La région du Catatumbo, dans le département colombien de Norte de Santander (nord-est) frontalier du Venezuela, vit une crise humanitaire sans précédent avec au moins 80 personnes tuées et 11.000 déplacées en raison du conflit entre deux guérillas, autrefois alliées.
Cette flambée de violence depuis jeudi rappelle les sombres heures du conflit interne colombien, que l'accord de paix de 2016 avec les Forces armées révolutionnaires de Colombie (FARC), alors la plus grande guérilla du pays, avait réussi à tempérer.
Historiquement, les montagnes de Catatumbo sont contrôlées par les guérillas des FARC (marxistes) et l'Armée de Libération Nationale (ELN, guévaristes), nées en 1964 avec la même ambition révolutionnaire de s'emparer du pouvoir.
Pendant des années ont régné entre elles des "accords de coexistence" et "de coopération", explique à l'AFP Carlos Velandia, coordinateur du Centre d'études sur le conflit (GISDE).
Mais après le dépôt des armes et la paix signée par les FARC, l'ELN en a profité pour s'étendre dans tout le Catatumbo, région reculée avec une faible présence de l'Etat, idéale pour pratiquer l'extorsion et développer le narcotrafic.
Ses montagnes abritent aujourd'hui plus de 50.000 hectares de plantations de feuilles de coca, le principal composant de la cocaïne, dont les guérillas tirent d'importantes sources de revenus.
Des dissidents des FARC refusant l'accord de 2016 ont reformé de petites milices et obtenu l'aide de l'ELN pour se renforcer, jusqu'à devenir une organisation puissante tant économiquement que militairement.
L'un des commandants de l'ELN -l'organisation n'a pas de commandement central- Antonio Garcia, estime que cet acte "solidaire" a été aujourd'hui trahi et que les dissidents des FARC les ont menacés, selon une lettre publiée lundi sur les réseaux sociaux.

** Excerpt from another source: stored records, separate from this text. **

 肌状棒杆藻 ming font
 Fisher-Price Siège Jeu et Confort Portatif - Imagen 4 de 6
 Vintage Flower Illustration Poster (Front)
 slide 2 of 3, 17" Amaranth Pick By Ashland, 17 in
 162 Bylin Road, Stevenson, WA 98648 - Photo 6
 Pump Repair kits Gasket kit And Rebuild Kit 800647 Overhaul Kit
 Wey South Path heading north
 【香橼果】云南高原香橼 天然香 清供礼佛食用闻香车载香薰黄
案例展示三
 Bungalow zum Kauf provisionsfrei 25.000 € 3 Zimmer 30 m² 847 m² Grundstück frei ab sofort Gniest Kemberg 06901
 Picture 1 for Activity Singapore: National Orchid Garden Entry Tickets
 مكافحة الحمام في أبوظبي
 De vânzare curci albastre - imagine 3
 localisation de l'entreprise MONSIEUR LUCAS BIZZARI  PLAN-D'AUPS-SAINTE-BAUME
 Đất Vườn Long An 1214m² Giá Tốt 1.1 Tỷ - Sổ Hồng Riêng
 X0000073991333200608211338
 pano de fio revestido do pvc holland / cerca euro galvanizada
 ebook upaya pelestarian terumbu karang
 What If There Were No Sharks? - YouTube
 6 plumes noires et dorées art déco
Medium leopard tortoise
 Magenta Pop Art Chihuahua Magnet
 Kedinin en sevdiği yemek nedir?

De son côté, Andrey, chef des FARC dissidents du Catatumbo, dénonce une "extermination".
- Dispute territoriale -
Le ministre de la Défense, Ivan Velasquez, dit ne pas connaître "de fait concret" ayant déclenché ces hostilités mais souligne que "depuis octobre, existaient des contradictions entre les deux organisations" qui autrefois entretenaient des relations de "coopération".
Selon diverses sources, l'assassinat d'un chef d'entreprise avec sa femme et son fils de six mois serait le déclencheur des hostilités.
Depuis la fin des FARC, le conflit interne en Colombie a subi un "phénomène de mutation", ajoute l'expert Carlos Velandia, passant d'un "conflit politico-social et armé à une impasse de violences dans laquelle différents acteurs" dénués d'idéologie révolutionnaire "se disputent les territoires".
Gerson Arias, chercheur de l'ONG Idées pour la Paix, estime que les dissidents des FARC n'ont pas respecté "les règles qui existaient en matière d'extorsion" et ont lancé une croisade "pour arracher" à l'ELN le soutien de la population.
Des universitaires comme M. Velandia estiment que l'ELN cherche un contrôle total des 2.200 km de frontière entre Colombie et Venezuela, une décision prise lors de leur VIe Congrès, en 2024.
A cela s'ajoute des divergences sur les pourparlers de paix engagés avec le président Gustavo Petro, arrivé au pouvoir en 2022 avec l'ambition de sortir par le dialogue du conflit et qui négocie depuis avec plusieurs organisations armées du pays.
M. Petro a décidé vendredi de suspendre les négociations avec l'ELN, qu'il a accusé de perpétrer des "crimes de guerre".